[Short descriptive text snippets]

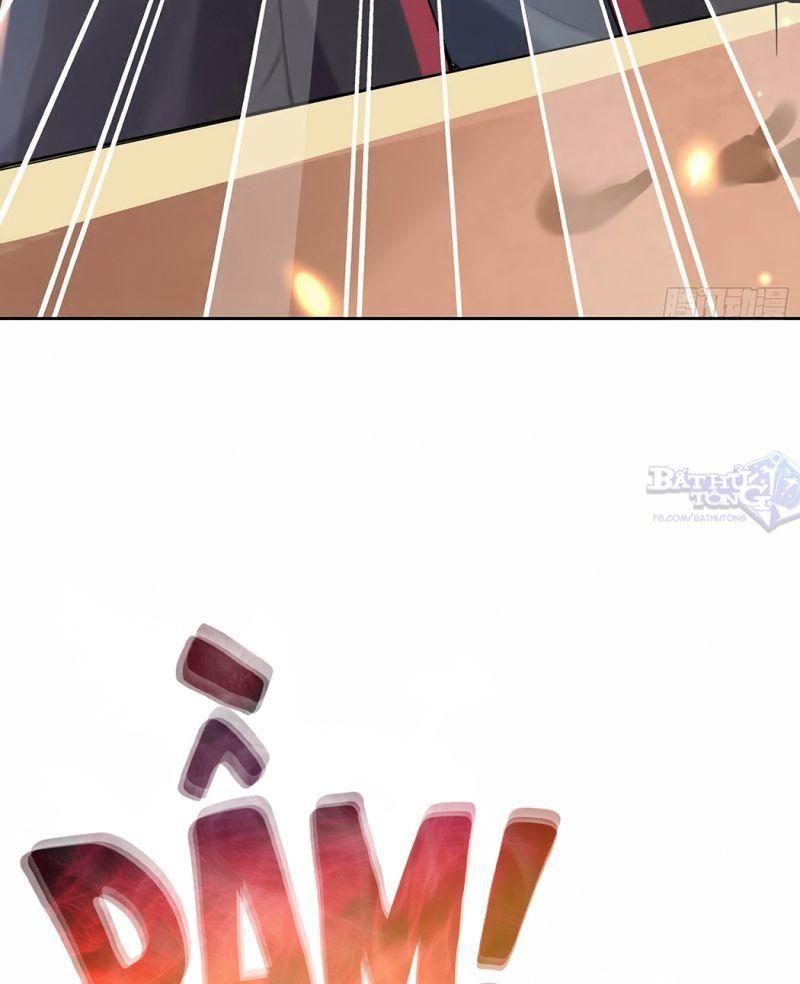 đồ đệ ta toàn là nữ ma đầu chapter 6 18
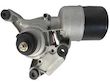 Windshield Wiper Motor Replacement - Front & Rear OEM and Aftermarket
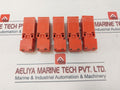 Telemecanique Xck-p591 Safety Limit Switch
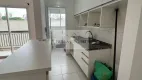 Foto 3 de Apartamento com 2 Quartos à venda, 55m² em Vila Municipal, Jundiaí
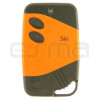 FADINI SITI 63-2 Remote control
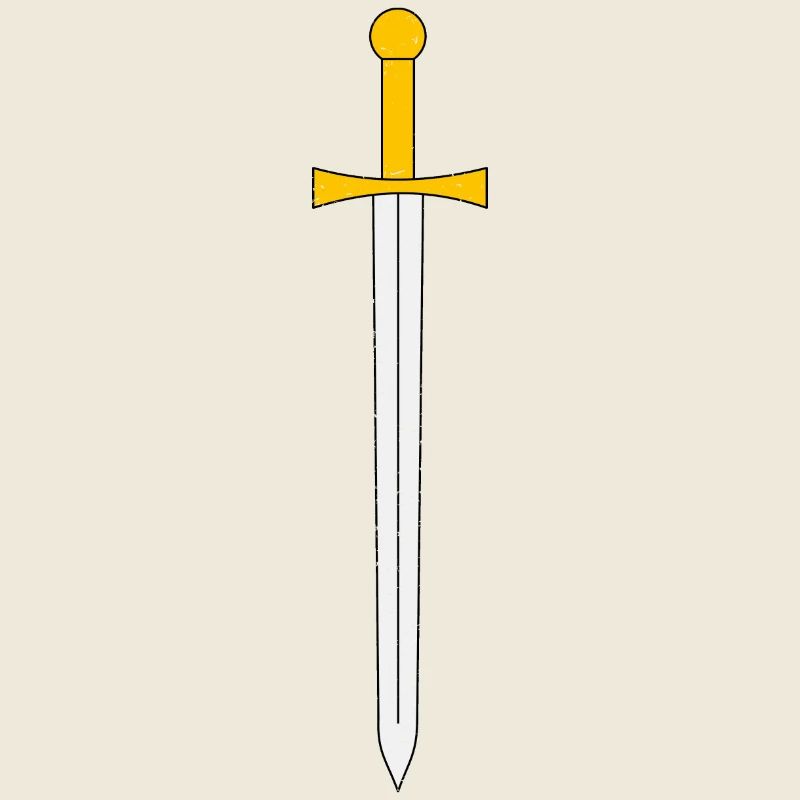 Épée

== Your goal ==
Repeat each line of the records exactly, dropping the pictures.

== Result ==
 đồ đệ ta toàn là nữ ma đầu chapter 6 18
 Windshield Wiper Motor Replacement - Front & Rear OEM and Aftermarket
 Telemecanique Xck-p591 Safety Limit Switch
 Foto 3 de Apartamento com 2 Quartos à venda, 55m² em Vila Municipal, Jundiaí
 FADINI SITI 63-2 Remote control
 Épée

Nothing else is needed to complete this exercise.